Pourtant, au mois de janvier, notre Conseil Municipal a acté deux décisions, que nous tenons à souligner et qui correspondaient à des demandes de notre part :
La première concerne la réalisation d’un audit indépendant sur la vidéo-verbalisation, prévu avant toute nouvelle prorogation.
La seconde stipule que le dispositif de vidéo verbalisation durera jusqu’au 28 juillet 2022 et fera lui aussi l’objet d’une évaluation.

Dès lors, n’aurait-il pas été judicieux et prudent d’attendre 2023 avant d’engager des fonds aussi conséquents ? À cette date, les résultats de ces études nous auraient sans doute apporté des informations essentielles sur l’efficacité, ou non, de ce type de systèmes dont les coûts sont très élevés pour notre collectivité.

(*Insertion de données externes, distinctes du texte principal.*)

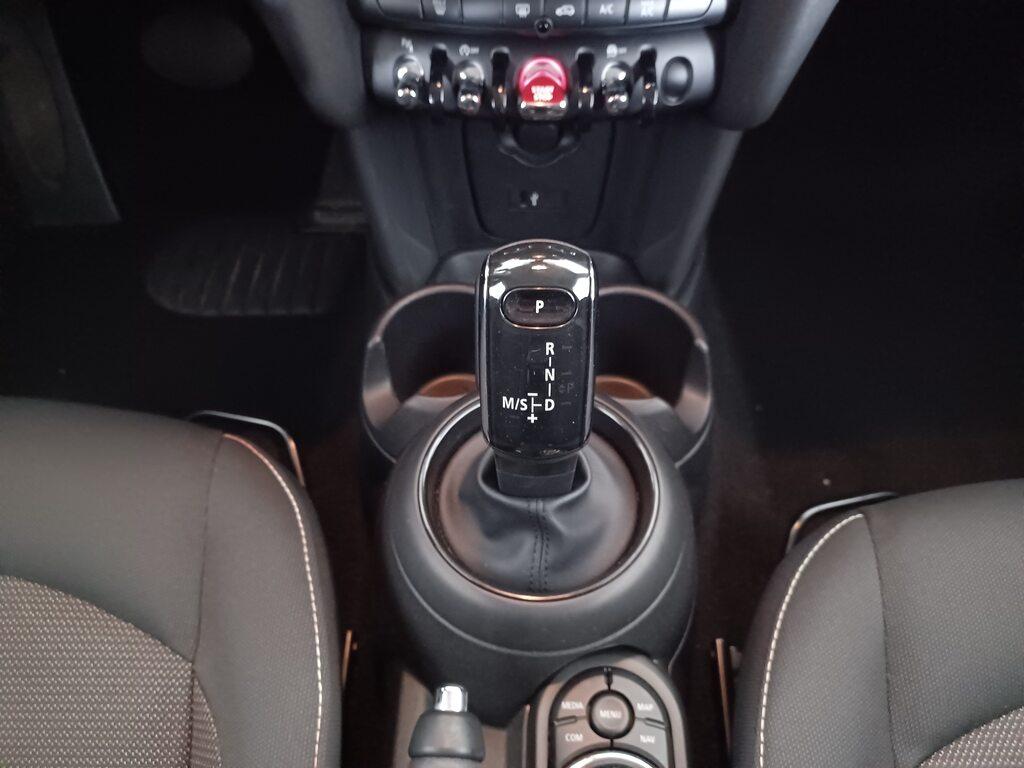 Mini Cooper 1.5 TwinPower Turbo Cooper Business XL DCT
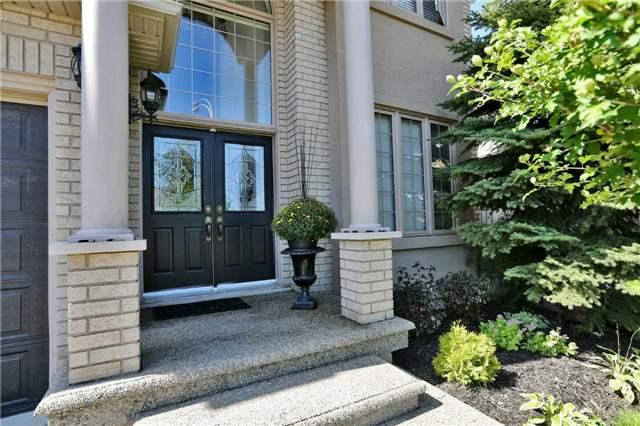 80 Armour Cres, House detached with 4 bedrooms, 4 bathrooms and 2 parking in Hamilton ON | Image 2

Nous tenons à rappeler qu’à notre connaissance, en France, il n’y a jamais eu de travail scientifique rigoureux d’analyse, sur le long terme, ni sur la vidéosurveillance, ni sur l’impact de la vidéo-verbalisation.

Mes collègues de Lyon en Commun et moi-même sommes donc toujours, vous l’aurez compris, dubitatifs sur l’ensemble de ces points. Sur ces questions, pour paraphraser Socrate, la seule chose que nous savons c’est que nous ne savons rien. C’est donc avec une certaine humilité que nous nous abstiendrons sur cette délibération.

Je vous remercie pour votre attention et puisque c’était la dernière délibération du jour, je vous souhaite une bonne soirée, à l’abri de nos caméras respectives.